単連結リストの整列 #4 リストの先頭もきちんと扱う

次に、関数node_swapが先頭要素とその次の要素とを交換できないという仕様を何とかしたい。
node_swapのこの制限の理由は既述のように交換したい二つの要素の一つ手前の要素が交換に必要だからである。
このことをもう少し詳細に考察してみる。

交換したい二要素の一つ前の要素が必要というのは、
一つ前の要素が持つ次の要素へのアドレス情報を書き換える必要があるということである。

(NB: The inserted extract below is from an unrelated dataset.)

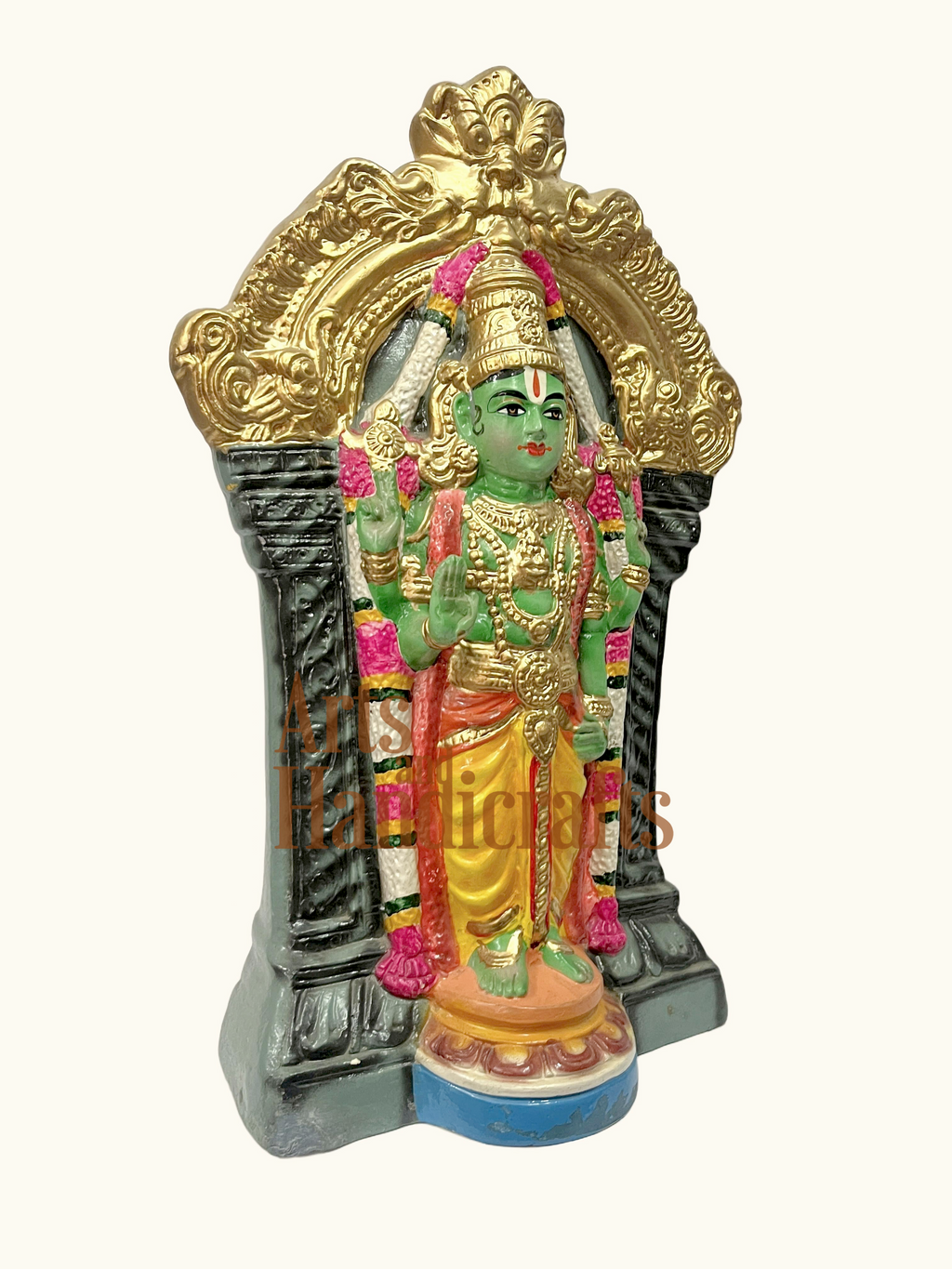 Pachai vanna perumal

node_swapに渡すcurrentが要素Aを指している場合、要素Bと要素Cを入れ替えることになるが、
その結果、要素Aの持つ次要素のアドレスは要素Bのアドレスから要素Cのものに書き替わっていなければならない。
もし要素Aと要素Bを入れ替えたい場合は、
要素Aのアドレスを次要素のそれとして持つ要素のアドレスをcurrentとしてnode_swapに与える必要がある。
ところがリストの先頭要素Aのアドレスが書かれているfirst_nodeはnode_t*型であってもnode_t型のメンバーではない。
したがって、currentは要素Aを指すことはできてもfirst_nodeを指すことはできない。

node_t*型のfirst_nodeをnode_t型の要素と同列で扱う方法はいろいろ考えられるが、
ここでは、first_nodeの内容をメンバーに含むダミー要素を作成する方法をとってみる。
これによりcurrentがダミー要素を指せるので、
ダミー要素の次の要素である真の先頭要素とその次の要素との交換が可能になる。

この方針に沿って変更を施してみる。

test_node.c
...snip
static void node_print(node_t *first_node)
{
    node_t *p;
    for (p = first_node->next; p != NULL; p = p->next) {
        printf(p->next == NULL ? "%d\n" : "%d ", p->val);
    }
}
...snip
int main(void)
{
...snip
    node_t *first_node = node_new(0);
    for (i = 0; i < sizeof(data) / sizeof(data[0]); i++) {
        node_append(first_node, data[i]);
    }
...snip
}

やってみると変更すべき箇所は非常に少ない。
リストの内容を表示する関数node_printの中のfor文の初期化式を変更し、
最初に内容を見る要素をfirst_nodeからfirst_node->nextにした。
また、使用者側であるmain関数のテストデータのリストを用意する所を、
ダミーデータ0を与えてダミー要素node_new(0)を作成し、
そのダミー要素の後にデータの入った要素を追加していくように変えただけである。
したがって、node_swap等の本質的なコードはそのままになっている。
ただ、コード内のfirst_nodeというネーミングは意味的にふさわしくない。
上図で示しているように、first_nodeは真の先頭要素Aを指しているのではなく、
そのAを指しているダミー要素を指しているので、不適切な名前と言われても仕方がない。
コードの変更量が最小になる代償としては割に合わないのかもしれないが実験的コードだしまあいいか。

$ ./test_node
9 8 7 6 5 4 3 2 1
9 8 7 6 5 4 3 2 1
9 8 7 6 5 4 3 2 1
9 8 7 6 5 4 3 2 1
9 8 7 6 5 4 3 1 2
9 8 7 6 5 4 1 3 2
9 8 7 6 5 1 4 3 2
9 8 7 6 1 5 4 3 2
9 8 7 1 6 5 4 3 2
9 8 1 7 6 5 4 3 2
9 1 8 7 6 5 4 3 2
1 9 8 7 6 5 4 3 2

実行してみると先頭要素とその次の要素の交換まできちんと処理されている。